Spirituals 101
People have been asking me about my “Spirituals.” Although convinced of the value of an annual physical examination, they are mystified by the idea of an annual Spiritual. It shares with a Physical the quality of an early detection system of disease. A Spiritual reviews general spiritual health; whether a person needs more exercise, is healthy, growing, developmentally appropriate etc. However, it is much, much more.
The Joining of the Spiritual and Physical worlds:
The Ramchal teaches that the Spiritual and Physical were two entirely separate creations. The two are so different that they cannot coexist. A Spiritual being, the soul, cannot be contained by a physical body.
Constraint:
The Ramchal continues, and explains that there was a third creation; that which allowed the spiritual soul to exist within the physical body. However, the soul’s inherent powers would immediately purify the physical substance of the body, and therefore, the same creation which allowed the soul to function with the body, placed a constraint on the soul to allow the person to choose whether or not to use his soul to purify his body. The soul in the body is a constrained soul, even before the two begin the process of functioning as a unit.
One stage of a Spiritual is to learn how to release the soul from this basic constraint. We recite a blessing each morning celebrating our ability to free the soul from this basic constraint: “Matir Assurim,” “Who releases the bound.”
The Kedusha Switch:
The third creation, that which allows the spiritual soul to function with the physical body provided for what I describe as a switch: The Kedusha Switch, as in, “Asher Kidishanu B’Mitzvotav,” “Who sanctified us with His commandments.” (See Ohr Gedalyahu on Parshat Emor) It is this switch or mechanism which can be activated when physically performing a MItzvah. When activated, the Kedusha Switch allows the soul to be affected or energized through the physical Mitzvah.
My Uncle Noach zt”l explained that when we say that, “Mitoch shelo lishma ba lishma,” “A Mitzvah performed not as an expression of love may become an expression of love,” we are saying that there is a part of our soul that is activated by a Mitzvah if performed with the intention to activate our soul through the Mitzvah. The famous saying describes a reality, the Kedusha Switch. We need only have intention to achieve “Lishma,” “as an expression of love.”
A Spiritual focuses a person on activating the Kedusha Switch when performing Mitzvot, so that he eventually will achieve serving God as an expression of love.
Post-Sin Second Constraint:
Adam, the Primal Human Being, was placed into a world perfectly balanced between good and evil. Both were external to him, as he had never made a choice of one over the other.
Had Adam chosen to internalize good by eating of the other trees in the Garden, and avoiding the forbidden Tree of Knowledge of Good and Evil, he would have internalized good. The balance of the world would have tilted toward good, allowing it, the now stronger force, to overpower evil and perfect the world.
However, Adam chose to first internalize evil. The balance was tilted toward evil, which could, at that point, overcome good. The world would be destroyed; creation, a failure. God, therefore, imposed a limitation on evil so that it could not entirely defeat good, however, in order to maintain the balance necessary for Free Choice, a similar constraint was placed on good. It could no longer completely overpower evil in this world. Good, God ‘s Light, the Spiritual, the soul, were all constrained more than before. The soul was and is doubly constrained. It cannot fully experience itself, its development, its accomplishments and growth. The soul is more frustrated.
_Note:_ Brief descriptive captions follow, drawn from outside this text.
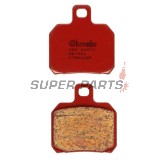 Τακάκια φρένων -BREMBO- 07BB20SP, Aprilia ETV/RS/RSV/SL/Tuono 50-1000; Benelli TnT/Tornado/TreK 899-1130; Ducati 748-1198, Monster/Multistrada 620-1100; Honda FES/ST 1100; KTM RC8/Super Duke 1190-1290; Piaggio/Vespa 125-500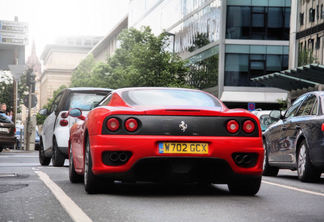 Ferrari 360 Modena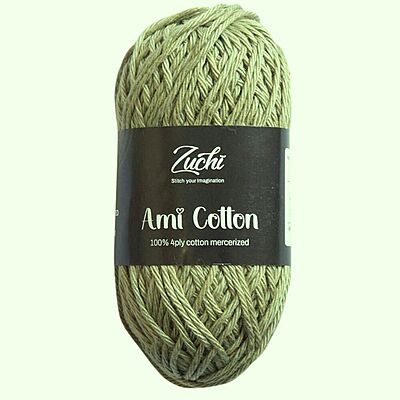 Zuchi Ami Cotton Yarn 393 Zuchi Ami Cotton Yarn 393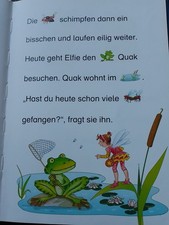 Geschichten von der kleinen Fee - Bildermaus- Lesen Lernen Klasse 1- #162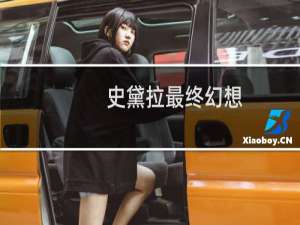 史黛拉最终幻想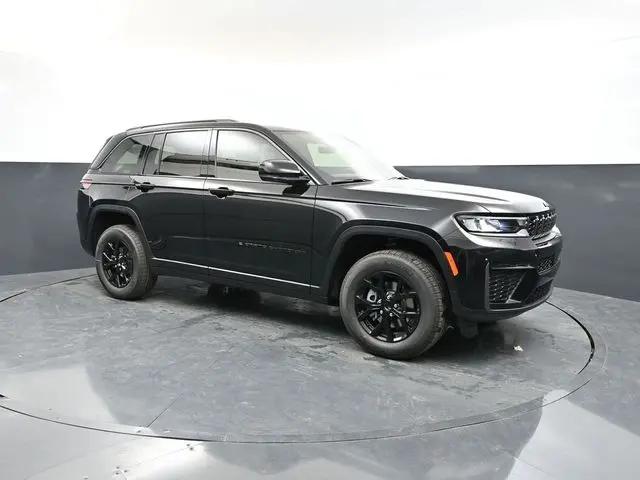 2026 Jeep Grand Cherokee Altitude 4x4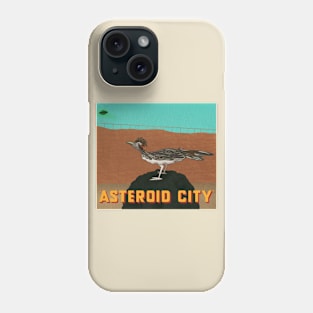 Asteroid City Phone Case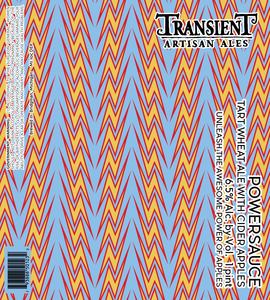 Transient Artisan Ales Powersauce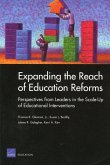 Expanding the Reach of Education Reforms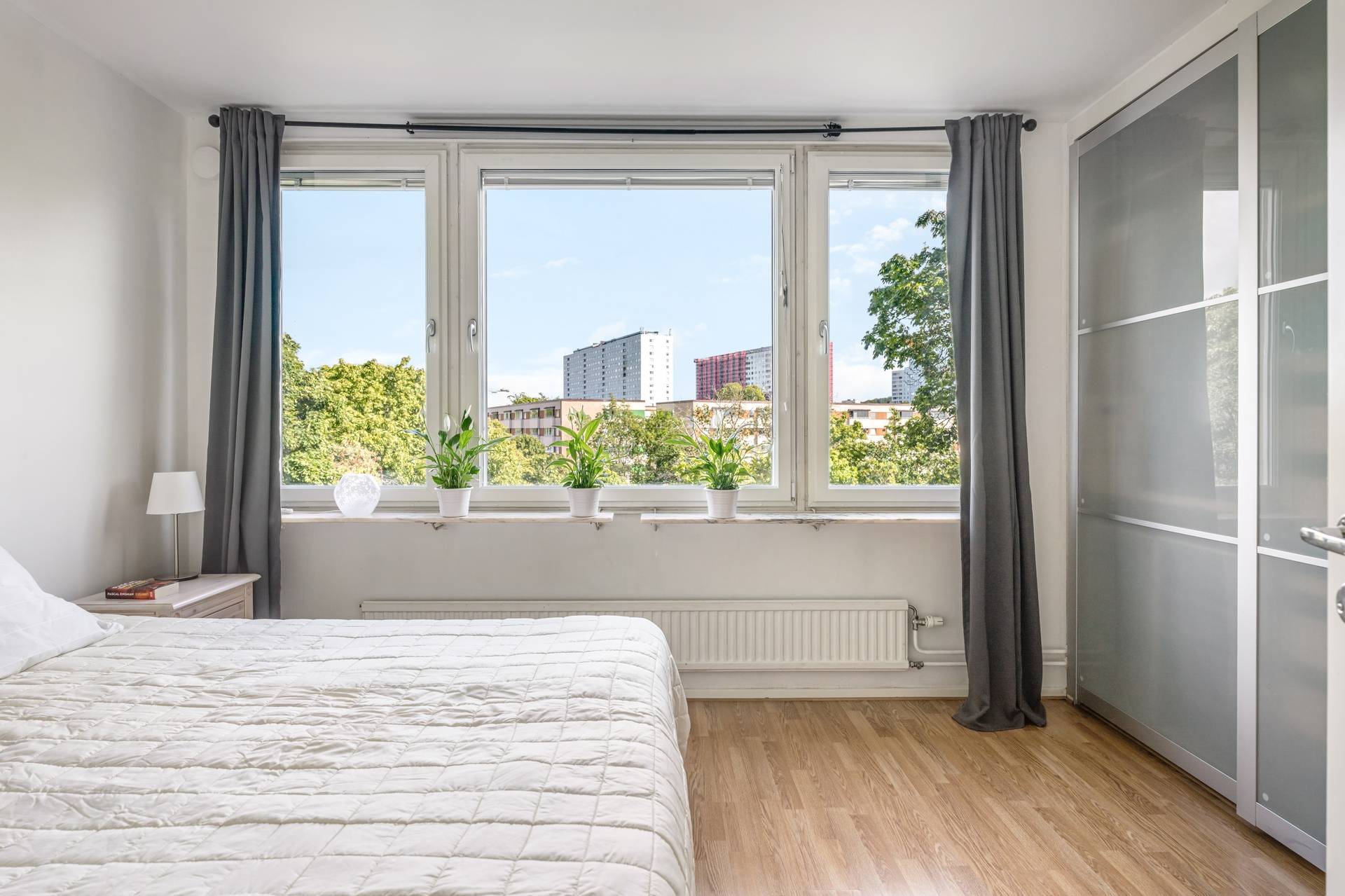 3.5 rum Lägenhet på Västra vägen 1C Rudviken/Solna C Solna kommun - bild 22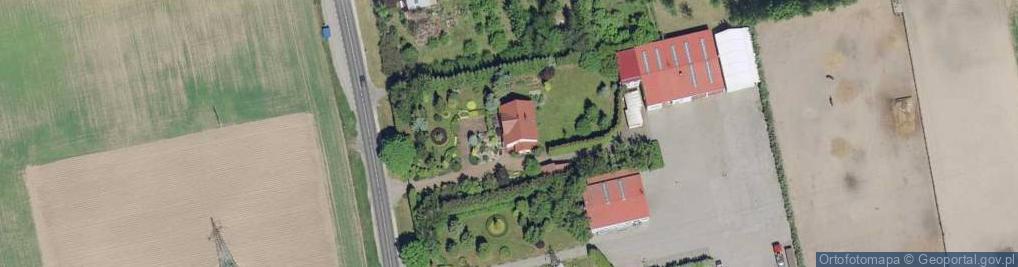 Zdjęcie satelitarne Amro - Met Małgorzata Rostowska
A Spiritual also addresses this second constraint on the soul. It is this release we describe in the second blessing of the Amidah when we praise God, the Empowerer, as, “Matir Assurim,” “The One Who releases the bound.” This is the more powerful release, hence it is listed together with Techiat Hameitim, the Resurrection of the dead.
Matir Assurim is inherent in Creation; it describes the birth of a baby who is released from the bonds of the womb. We act it out when we rise from the bow for Modim, our knees bent, our backs folded as a child in the womb, we slowly open our body to express the potential release from all the constraints imposed on the soul.